_Given material_
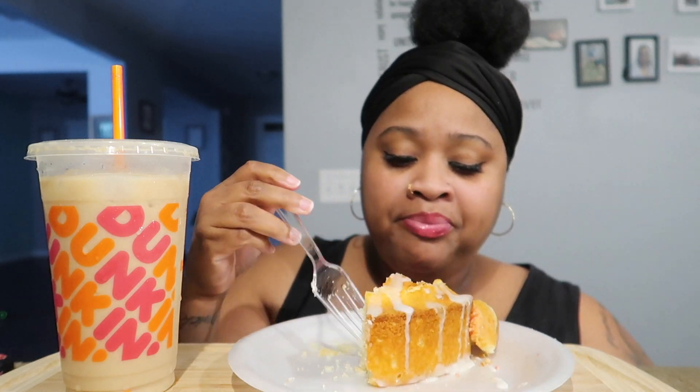How many of y'all have tried the Duck and Donut ghost pepper donut? Comment down below if you have, and let me know what you think of it, or if you did a video let me know. Y'all, this cake is good. Leah approved — I made it last night, he got a nice size piece and then went back for another nice size piece. She really liked it.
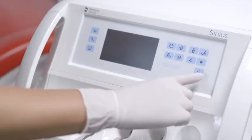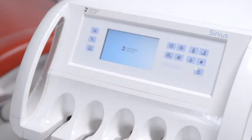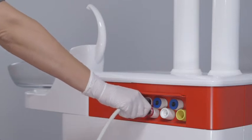After switching on the treatment center, the disinfectant for the water lines is rinsed out of the instrument hoses and tumbler filler with water. Sanitation is completed with step six and the instrument and suction hoses can be returned to the dentist and assistant elements.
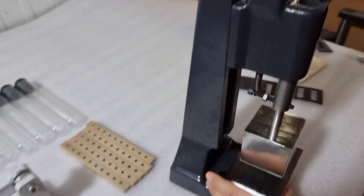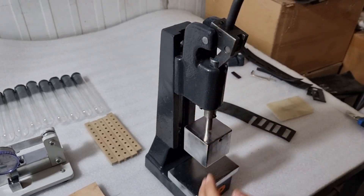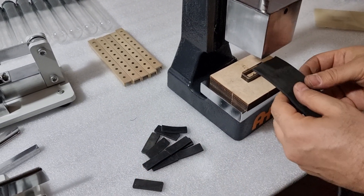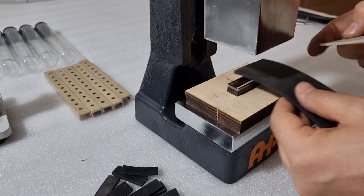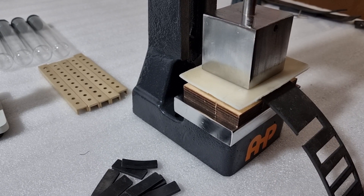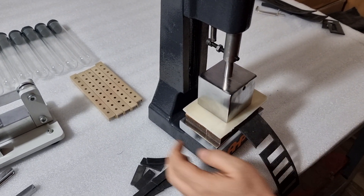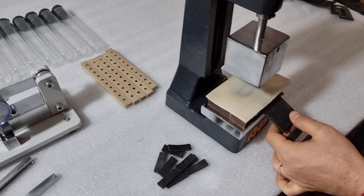The height of the press tool head needs to be adjusted to cut the sample piece at the correct point of the handle. First, put the cutter, then the sample piece, then the protecting sheet to protect the edges of the cutter. It should cut the sample piece at the point of the lever arm. You will cut the sample piece correctly if you adjust the height to the correct position.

_Exercise description_
Write out, word for word, the lines from the start of the data through the one holding "After switching on". Omit pictures.

_Result_
How many of y'all have tried the Duck and Donut ghost pepper donut? Comment down below if you have, and let me know what you think of it, or if you did a video let me know. Y'all, this cake is good. Leah approved — I made it last night, he got a nice size piece and then went back for another nice size piece. She really liked it.
After switching on the treatment center, the disinfectant for the water lines is rinsed out of the instrument hoses and tumbler filler with water. Sanitation is completed with step six and the instrument and suction hoses can be returned to the dentist and assistant elements.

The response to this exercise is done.